$(X,\Sigma,\mu)$ be a probability space, $A\subset\Sigma$ be a field s.t. $\Sigma=\sigma(A)$.Prove inf$\{\mu(E\Delta F):F\in A\}=0\forall E\in\Sigma$

Question

$(X,\Sigma,\mu)$ be a probability space, $\mathcal{A}\subset\Sigma$ be a field such that $\Sigma=\sigma(A)$. Prove that, for all $E\in\Sigma$ $$\text{inf }\{\mu(E\Delta F):\ F\in \mathcal{A}\}=0$$

I tried this using Monotone Class Theorem. Define $\mathcal{M}=\{E\in\Sigma|\ \text{inf }\{\mu(E\Delta F):\ F\in\mathcal{A}\}=0 \}$. It's easy to see that $\mathcal{M}$ contains $\mathcal{A}$. As $\sigma(\mathcal{A})=\Sigma$, by Monotone class theorem it's enough to prove $\mathcal{M}$ is monotone class.

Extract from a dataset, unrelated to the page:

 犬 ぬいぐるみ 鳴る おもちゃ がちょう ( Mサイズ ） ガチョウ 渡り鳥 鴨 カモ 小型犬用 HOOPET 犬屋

So let $E_n\in\mathcal{M}$ such that $E_n\nearrow E$. We have to show that $E\in\mathcal{M}$. We have $\text{inf }\{\mu(E_n\Delta F):\ F\in\mathcal{A}\}=0\ \forall n$. Choose $\epsilon>0$. To find $F\in\mathcal{A}$ such that $\mu(E\Delta F)<\epsilon$. We know that as $\mu$ is a finite measure, for FIXED $F\in\mathcal{A}$, $\mu(E_n\Delta F)\to 0$.

Now $\text{inf }\{\mu(E_n\Delta F):\ F\in\mathcal{A}\}=0\implies \exists F\in\mathcal{A}$ such that $\mu(E_n\Delta F)<\epsilon$. But here the problem is $F$ depends upon $n$, so I'm unable to apply $\mu(E_n\Delta F)\to 0$.

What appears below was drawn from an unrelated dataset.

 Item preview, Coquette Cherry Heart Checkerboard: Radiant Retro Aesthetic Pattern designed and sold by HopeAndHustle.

Can anyone give me any idea how to argue it? Thanks for help in advance.

Answer 1

I think one can prove directly that $\mathcal{M}$ is a $\sigma$-algebra.

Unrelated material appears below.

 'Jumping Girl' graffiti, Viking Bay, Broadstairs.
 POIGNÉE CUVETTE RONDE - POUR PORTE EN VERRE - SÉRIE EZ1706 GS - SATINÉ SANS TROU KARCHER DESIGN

• Given $\varepsilon>0$, If $A\in\mathcal{M}$ then there is $A'\in\mathcal{A}$ such that $\mu(A\triangle A')<\varepsilon$. Since $A\triangle A'=A^c\triangle (A')^c$, and $(A')^c\in\mathcal{A}$, it follows that $A^c\in\mathcal{A}$.
• Suppose $(A_n:n\in\mathbb{N})\subset\mathcal{M}$. Given $\varepsilon$, there is for each $n\in\mathbb{N}$ a set $A'_n\in\mathcal{A}$ such that $\mu(A_n\triangle A'_n)<2^{-n-1}\varepsilon$. Now, as $\lim_N\mu\Big(\bigcup^N_{k=1}A_k\Big)=\mu\Big(\bigcup_nA_n\Big)$, there is $N$ large enough such that $$\mu\Big(\big(\bigcup_nA_n\big)\setminus\big(\bigcup^N_{k=1}A_k\big)\Big)<\varepsilon/2$$ Then $$\begin{align} \mu\Big(\big(\bigcup_nA_n\big)\triangle\big(\bigcup^N_{k=1}A'_k\big)\Big)& \leq \mu\Big(\big(\bigcup_nA_n\big)\setminus\big(\bigcup^N_{k=1}A_k\big)\Big)+\mu\Big(\big(\bigcup^N_{j=1}A_j\big)\triangle\big(\bigcup^N_{k=1}A'_k\big)\Big)\\ &<\varepsilon/2 +\mu\Big(\bigcup^N_{j=1}A_j\triangle A'_j\big)\leq\frac{\varepsilon}{2}+\sum^N_{j=1}\frac{\varepsilon}{2^{n+1}}<\varepsilon \end{align}$$ This shows that $\bigcup_nA_n\in\mathcal{M}$
• Clearly $\mathcal{A}\subset \mathcal{M}$ and so, $X\in\mathcal{M}$.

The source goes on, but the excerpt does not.